Segment Open
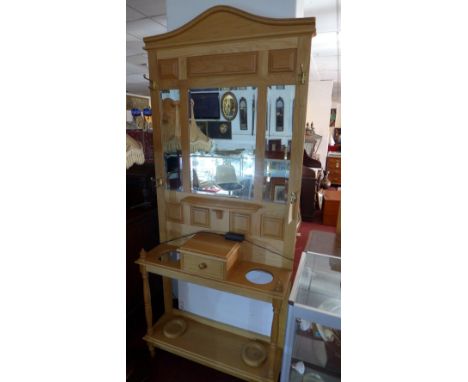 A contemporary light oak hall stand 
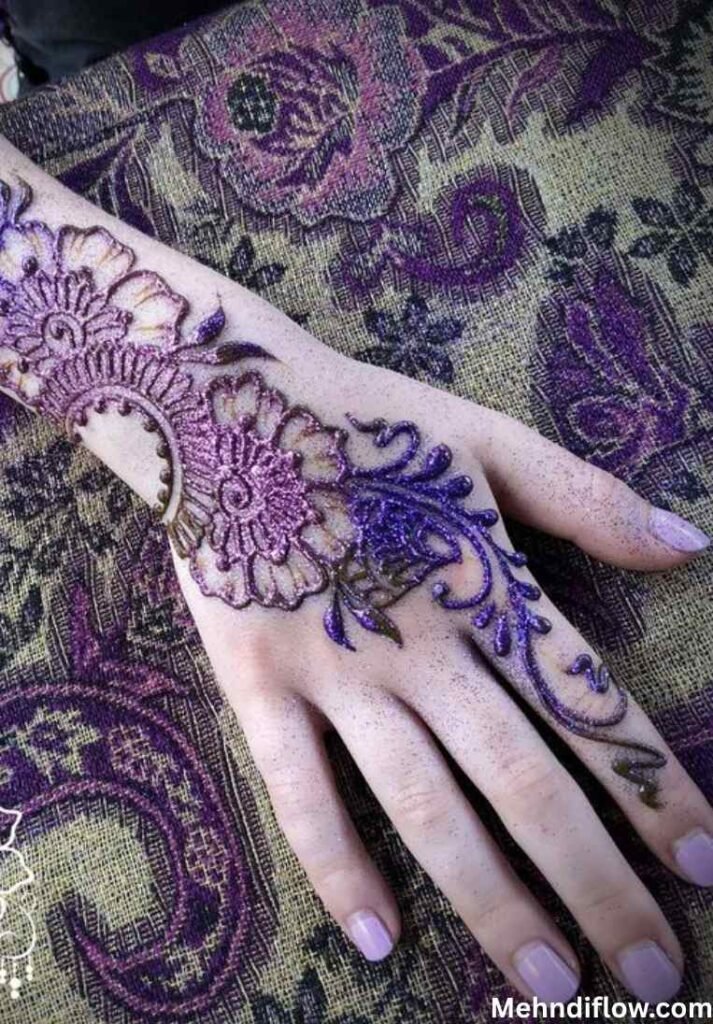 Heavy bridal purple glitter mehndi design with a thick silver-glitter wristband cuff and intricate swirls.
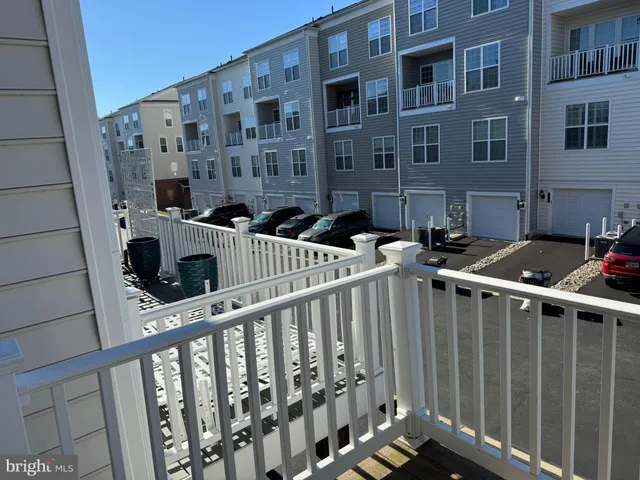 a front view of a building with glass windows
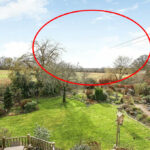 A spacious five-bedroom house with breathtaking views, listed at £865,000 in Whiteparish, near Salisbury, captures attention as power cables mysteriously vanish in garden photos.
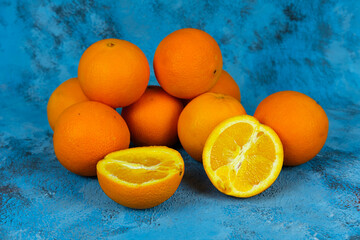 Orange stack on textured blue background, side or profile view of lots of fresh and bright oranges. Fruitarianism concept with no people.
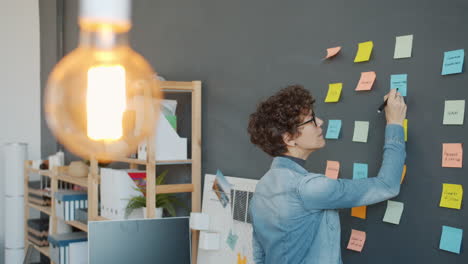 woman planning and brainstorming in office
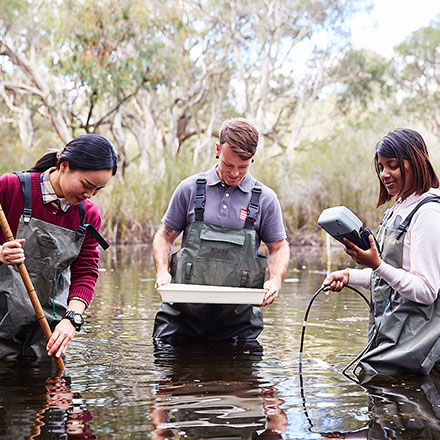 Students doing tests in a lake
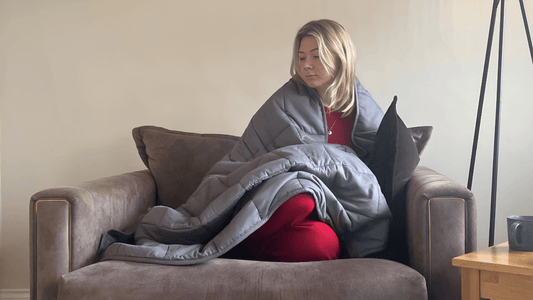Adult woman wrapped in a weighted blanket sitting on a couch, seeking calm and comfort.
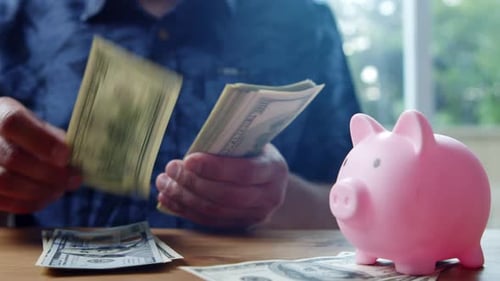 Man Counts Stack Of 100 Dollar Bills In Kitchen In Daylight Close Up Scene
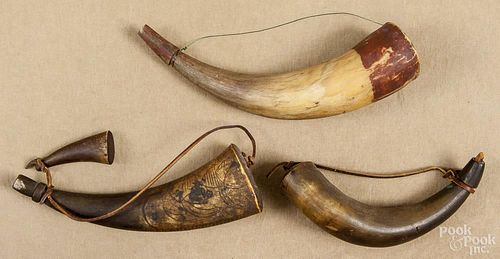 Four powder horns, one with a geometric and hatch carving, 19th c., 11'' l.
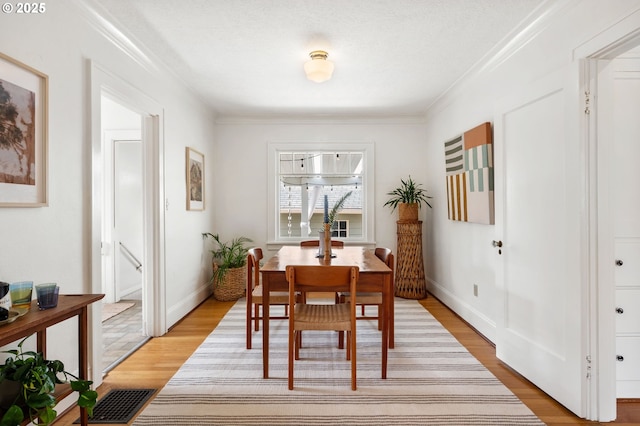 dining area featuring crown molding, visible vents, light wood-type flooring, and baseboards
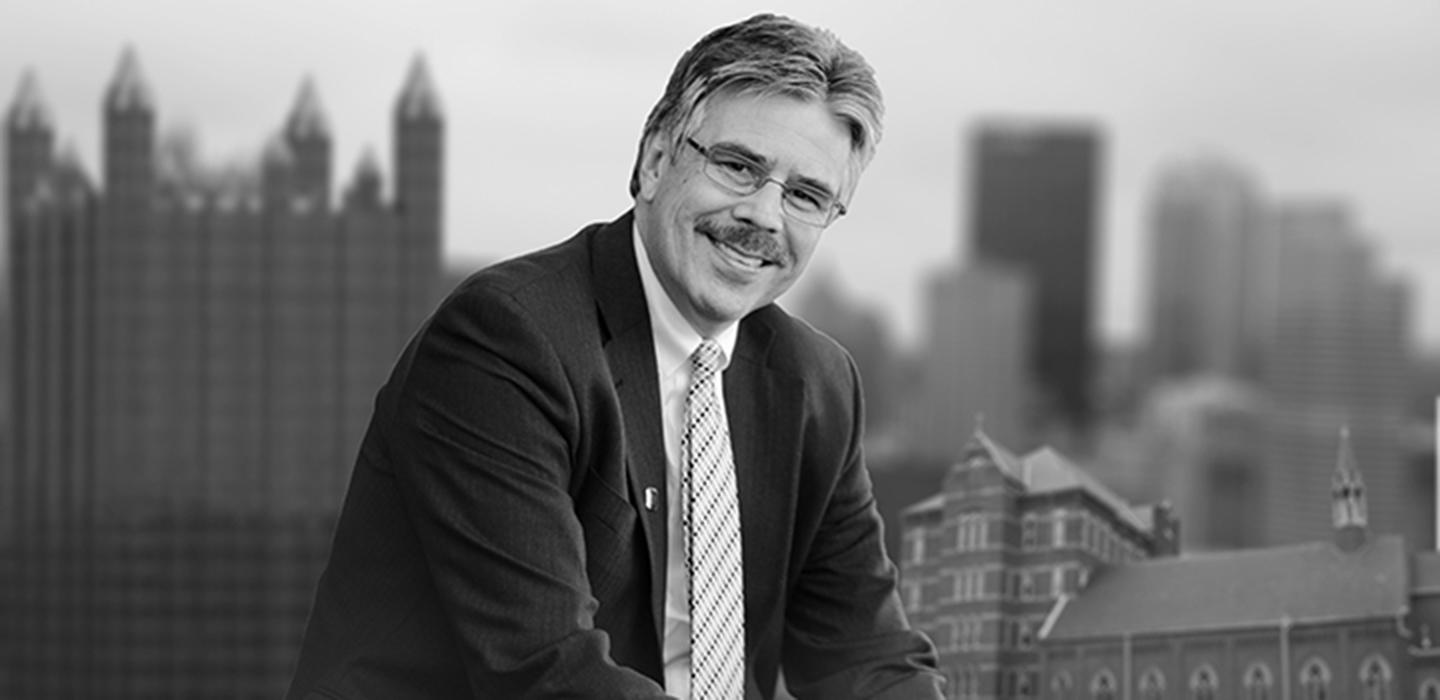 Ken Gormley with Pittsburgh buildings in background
Segment Closed
Segment Open
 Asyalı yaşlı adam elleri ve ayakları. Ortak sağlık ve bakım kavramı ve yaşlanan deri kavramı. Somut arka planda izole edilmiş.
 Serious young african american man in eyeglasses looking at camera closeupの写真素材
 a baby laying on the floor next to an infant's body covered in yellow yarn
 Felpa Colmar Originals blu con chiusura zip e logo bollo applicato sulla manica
Segment Closed
• _WORK TO COMPLETE_
Out of the listing above, reproduce exactly the lines from the one with "Serious young african" up to and including the one with "Felpa Colmar Originals".

• _OUTPUT FOR THIS TASK_
 Serious young african american man in eyeglasses looking at camera closeupの写真素材
 a baby laying on the floor next to an infant's body covered in yellow yarn
 Felpa Colmar Originals blu con chiusura zip e logo bollo applicato sulla manica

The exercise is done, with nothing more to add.